Illusion – Stephanie Elmas | #bookreview @StephanieElmas #Victorian #Suspense #Illusion


Published by Endeavour Press

ebook and paperback : 21 May 2017

285 pages


|   About the Book   |

London, 1873.

Returning home from his travels with a stowaway named Kayan, Walter Balanchine is noted for the charms, potions and locket hanging from his neck.

Finding his friend Tom Winter’s mother unwell, he gives her a potion he learned to brew in the Far East. Lucid and free from pain, the old woman remembers something about Walter’s mother.

Walter is intrigued, for he has never known his family or even his own name – he christened himself upon leaving the workhouse.

Living in a cemetery with his pet panther Sinbad to keep the body snatchers away, word soon spreads of his healing and magical abilities and he becomes a sought after party performer.

During one of Walter’s parties, Tom is approached by Tamara Huntington, who reveals she is being forced to marry a man she does not love.

Will he and Walter come to her rescue?

Try as they might, sometimes all the best intentions in the world can’t put a stop to a bad thing, and she is soon married off to the cruel Cecil Hearst.

Drama and tragedy ensue, and Walter keeps his distance from Tamara.

That is until her stricken brother-in-law Daniel requires his magical healing, and he is forced back into her life.

With secrets beginning to emerge, Walter finds his mother may be a lot closer to home than he realised…

Filled with mystery, magic and larger than life characters, Illusion will keep you guessing until the very last page.


 * * *

When I started my blog in 2013, Stephanie Elmas was one of the first authors to contact me to request a review of her book. That book was ‘The Room Beyond (reviewed here). I was so pleased that she did because that was a real gem of a read.  When I saw that she had another book out, this time with Endeavour Press and the main character being Walter Balanchine, who had appeared in the previous book, I just had to read it.  My review should have been part of the blog tour but for illness and various reasons it has been delayed.  My apologies to Endeavour and to Stephanie.

The story begins in 1873 in London’s East End with Tom Winter being reunited after 3 years with his childhood friend from the workhouse, Walter Balanchine.  Walter has been travelling in the Far East and brings home with him a child stowaway named Kayan and a black panther called Sinbad.

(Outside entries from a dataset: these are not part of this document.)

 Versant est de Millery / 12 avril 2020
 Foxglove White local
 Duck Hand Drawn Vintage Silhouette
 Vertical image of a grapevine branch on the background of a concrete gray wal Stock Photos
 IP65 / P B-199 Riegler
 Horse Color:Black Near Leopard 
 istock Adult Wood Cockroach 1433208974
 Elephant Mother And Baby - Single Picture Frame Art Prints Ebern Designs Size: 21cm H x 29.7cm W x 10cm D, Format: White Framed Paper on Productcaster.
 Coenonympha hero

Walter is an intriguing and mysterious character.  He became known as the ‘Wizard of the East End’ because of his seemingly mystical powers and his reputation of being a healer.   With his distinctive and outlandish clothing together with the numerous charms and bottles of potions hanging from his neck, he stands out, not least because of his unusual looks – very tall with an almost skeletal build and thin wispy hair.  However behind this unusual looking man was someone with a heart full of kindness and courage whose loyalty to his old friend knew no bounds.  Walter has his own mystery to solve.  Abandoned at a workhouse as a young child, he doesn’t know his mother, nor even his real name.

Times are hard for everybody and Tom lives in tiny lodgings with his sick mother and has a friend Sally who cares for his ma whilst he is working as a piano teacher.  Sally loves Tom but when Tom meets and falls for wealthy Tamara Huntingdon, events are set in motion that will test Walter’s talents for magic and illusion.

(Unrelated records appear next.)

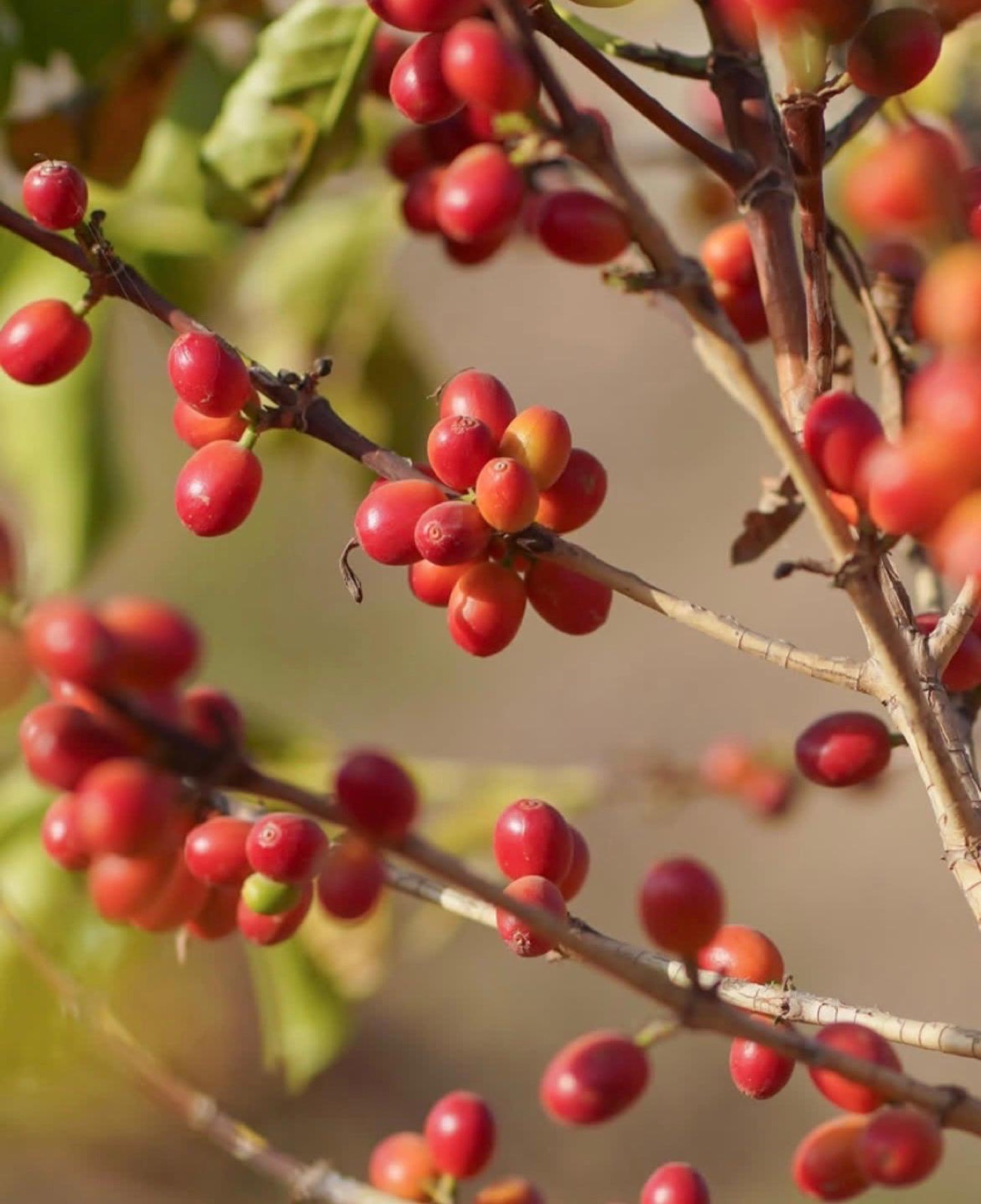 Coffee cherries ripening in Yemen’s highlands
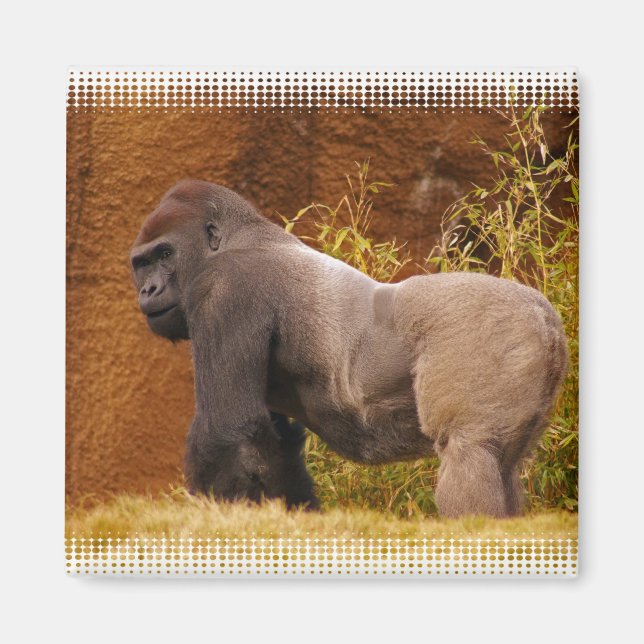 Silverback Gorilla Photo Magnet (Front)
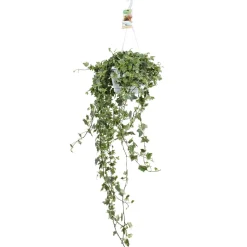 Lierre grimpant Hedera 'Eva' - Plante suspendue - Cascade de feuillage panaché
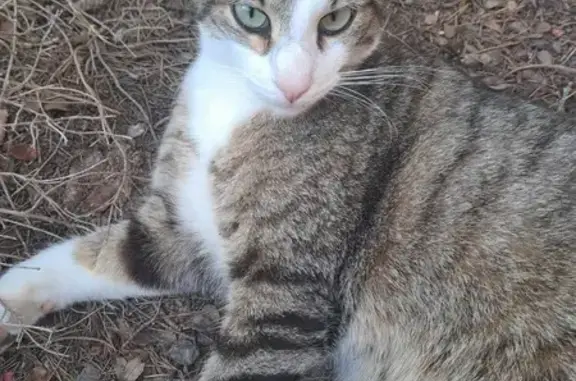 Chat affectueux trouvé à Saint-Raphaël - photo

Told in four parts with both Tom and Tamara having their own opportunity to tell their stories, Illusion was a wonderfully descriptive and atmospheric story; we are taken from the dangerous, foul smelling and fog ridden streets of London to the countryside of Somerset and then to Prague – each destination having its own sense of place.  Walter was a fabulous character who shone from the page, in fact all the main characters were superbly drawn – from the kindness of Sally to the cruelty of Cecil Hearst and, with the exception of Cecil and his henchmen, I really cared what happened to them.  The unexpected turns and surprises were superbly done – at one point my heart was racing at the sheer injustice.

Stephanie Elmas writes beautifully and in my opinion her writing just gets better. Illusion was a captivating story of intrigue and mystery that kept me engrossed from beginning to end.  Highly recommended.

My thanks to Endeavour Press for the digital copy to review.


|   About the Author   |


Stephanie Elmas was born in Hong Kong to an English father and Czech mother but spent most of her childhood in Bristol. She studied English at university in London. Having worked as a head hunter, she taught English in Japan before returning to university to complete an MA in Victorian fiction. It was here that she developed her interest in the dark dangerous world of Victorian sensation writing. After the success of her first novel, The Room Beyond, Elmas has returned to write the tale of the early life of East End mystic and illusionist Walter Balanchine. When she is not writing, Elmas teaches secondary school English and juggles a chaotic household in Surrey.